Windows 98 had some good things going for it, but it really was a crappy operating system. The interface was great, but It had a tendency to self destruct and could crash if you looked at it cross.
My all time favorite version is Windows XP. It was homogenous (one consistent control panel), compact, simple, and efficient. It was the first version of Windows with a good amount of reliability, rarely crashed and a lot of the problems with corruption over time such as "DLL hell" were resolved. The down side is it lacked native features, but there wasn't much you couldn't add with a third party program.

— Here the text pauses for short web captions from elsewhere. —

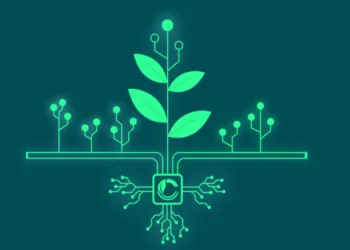 Cleantech borsada yeni bir sayfa açıyor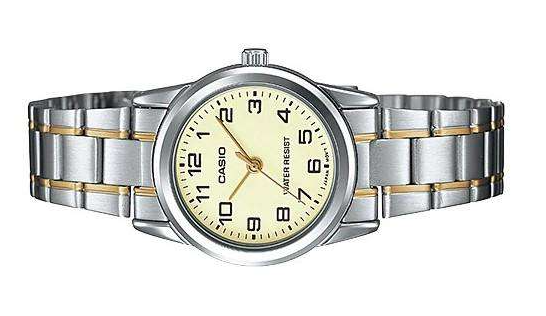 Screenshot 2026-03-27 171130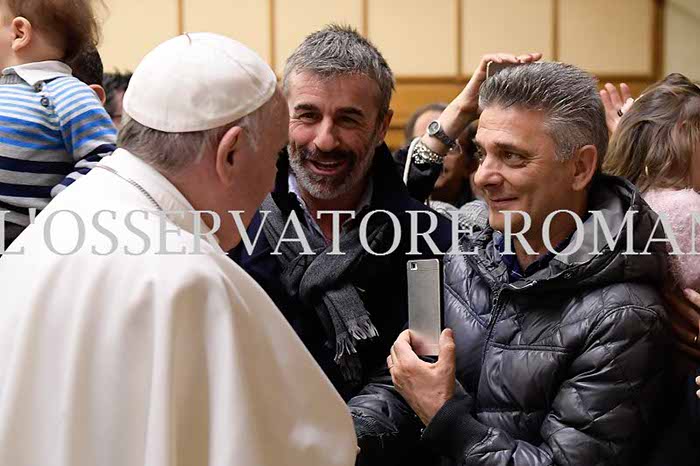 %_tempFileName07227_22122016%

I think reliability is best it's ever been with Windows 10. In fact win10 is surprisingly robust.
The down side is everything else. It's a lot more complex, it lacks consistency (settings for some stuff, control panel for other stuff), it's a lot more cluttered, and it comes with all kinds of forced bloatware. In other words, software you can't remove and would never install given the option.
I can actually solve some of that bloatware problem with win10 by using the LTSC version, which I've been running for some time now. Still I would go back to Windows XP in a second if it was never deprecated. But then how can make MS and its partners make money without a forced upgrade path.

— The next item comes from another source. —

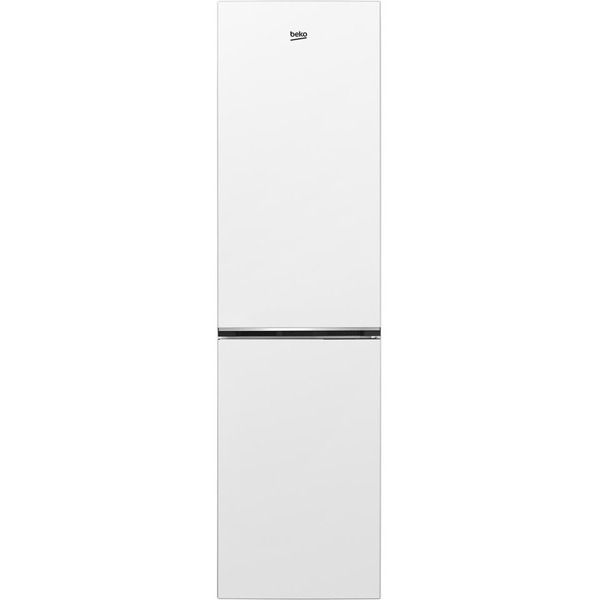 Холодильник BEKO CNKDN6335KC0W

I've not heard much positive about win11 so I'll stay on win10 until I'm forced (as usual) to upgrade.
I've recently been messing around with XP on an old laptop of mine, it's a lot nicer than I remember it being and I'm honestly shocked at how fast it is on a single core laptop with only 512mb of RAM! Need to grab a stack of DVD-RWs sometime (for the first time in over a decade) to see how terribly Vista and ReactOS run on it - the bloody thing really doesn't wanna boot from USB unfortunately.